La senadora nacional Sigrid Kunath participó del encuentro. «Esto es una oportunidad absolutamente enriquecedora», dijo la legisladora, autora del texto de la ley denominada de Respeto a los Tiempos de las Víctimas, una norma que vino a cambiar el paradigma de la prescripción en los casos de abuso sexual infantil.

«Cada persona tiene sus tiempos. Cuando presentamos el proyecto de ley lo hicimos inspirados en la causa Ilarraz. Procuramos que cuando una víctima va a la Justicia a hacer su denuncia, la respuesta que encuentren no sea que no se puede investigar por el transcurso del tiempo. Las víctimas pasan por circunstancias terribles, con consecuencias difíciles de medir en cada una de las personas, en quienes dejan su secuela particularísima. Estas víctimas tienen derecho al tiempo, a pasar por distintos procesos internos, y recién cuando todos esos procesos están concluidos, poder acudir a la Justicia», relató Kunath.

Gabriel Cuesta encuentra que en casi todas las historias hay puntos en común. En su caso, pudo romper el silencio cuando, ya grande, quiso anotarse para cursar una carrera en un instituto y se encontró que ese instituto tenía el nombre del cura que lo había abusado; investigó más, y ese cura, que después fue obispo, tenía una calle con su nombre en Presidencia Roque Sáenz Peña, Chaco. Cuando quiso denunciar al cura Abelardo Silva cayó en la cuenta que ya estaba muerto.

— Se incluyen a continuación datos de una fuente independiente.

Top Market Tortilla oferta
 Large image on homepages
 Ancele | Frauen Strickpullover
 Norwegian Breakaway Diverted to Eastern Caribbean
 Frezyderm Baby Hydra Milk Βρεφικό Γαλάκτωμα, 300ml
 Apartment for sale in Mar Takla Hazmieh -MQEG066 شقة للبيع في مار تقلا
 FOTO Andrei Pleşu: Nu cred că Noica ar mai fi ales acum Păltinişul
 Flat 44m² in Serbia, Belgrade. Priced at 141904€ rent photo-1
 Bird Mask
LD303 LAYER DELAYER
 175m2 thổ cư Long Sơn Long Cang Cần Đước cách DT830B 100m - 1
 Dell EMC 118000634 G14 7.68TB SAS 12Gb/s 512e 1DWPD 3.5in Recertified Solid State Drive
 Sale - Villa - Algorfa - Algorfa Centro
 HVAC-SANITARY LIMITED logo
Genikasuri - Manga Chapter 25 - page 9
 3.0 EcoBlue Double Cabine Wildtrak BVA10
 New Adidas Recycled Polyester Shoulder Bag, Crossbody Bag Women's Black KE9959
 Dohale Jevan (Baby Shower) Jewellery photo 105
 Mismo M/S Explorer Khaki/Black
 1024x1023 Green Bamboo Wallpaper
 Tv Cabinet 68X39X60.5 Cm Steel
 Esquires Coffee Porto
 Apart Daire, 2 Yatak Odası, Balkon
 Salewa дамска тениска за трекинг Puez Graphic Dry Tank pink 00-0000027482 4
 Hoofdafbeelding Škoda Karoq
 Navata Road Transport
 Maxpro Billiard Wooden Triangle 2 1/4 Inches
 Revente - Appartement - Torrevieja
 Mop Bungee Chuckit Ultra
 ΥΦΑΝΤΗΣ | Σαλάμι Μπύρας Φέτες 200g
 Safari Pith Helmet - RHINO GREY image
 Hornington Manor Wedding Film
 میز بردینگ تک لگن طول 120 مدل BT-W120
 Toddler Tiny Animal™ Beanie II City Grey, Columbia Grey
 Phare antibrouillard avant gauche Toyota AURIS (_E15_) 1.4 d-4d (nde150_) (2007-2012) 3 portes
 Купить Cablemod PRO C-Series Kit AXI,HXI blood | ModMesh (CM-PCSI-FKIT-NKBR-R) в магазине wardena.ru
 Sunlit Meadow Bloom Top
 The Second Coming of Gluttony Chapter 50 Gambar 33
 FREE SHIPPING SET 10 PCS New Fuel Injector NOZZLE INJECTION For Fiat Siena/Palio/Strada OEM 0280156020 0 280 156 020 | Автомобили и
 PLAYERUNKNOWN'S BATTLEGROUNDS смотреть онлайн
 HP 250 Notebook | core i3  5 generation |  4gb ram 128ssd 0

No podría seguir el camino penal, pero sí el canónico.

Golpeó puertas, esperó respuestas, escribió cartas, le contó a cada secretaria que le pusieron en su camino por qué quería la entrevista, qué había pasado con él cuando niño, de qué modo un sacerdote lo había abusado. Un día se encontró con una respuesta feroz. «Bueno, sí, sabíamos que el padre Silva tenía una historia turbia». Eso, nada más. Ni siquiera me pidieron perdón. «Esa vez decidí que no iba a parar», cuenta. Y no paró. Fue donde el cardenal Mario Poli y aguardó cuatro largos meses hasta que lo recibió veinte minutos.

«Con Poli fue la entrevista más dura que tuve. De nuevo el argumento de que estaba muerto. Yo le dije que en la Iglesia, para santificar a alguien, esperan que se muera. Con lógica, le dije si podías juzgarlo santo, también podías juzgarlo un mal tipo. Me dijo que lo iba a pensar, que lo iba a consultar con Roma. Jamás tuve ninguna respuesta», dice.

 

 

 

 

De la Redacción de Entre Ríos Ahora.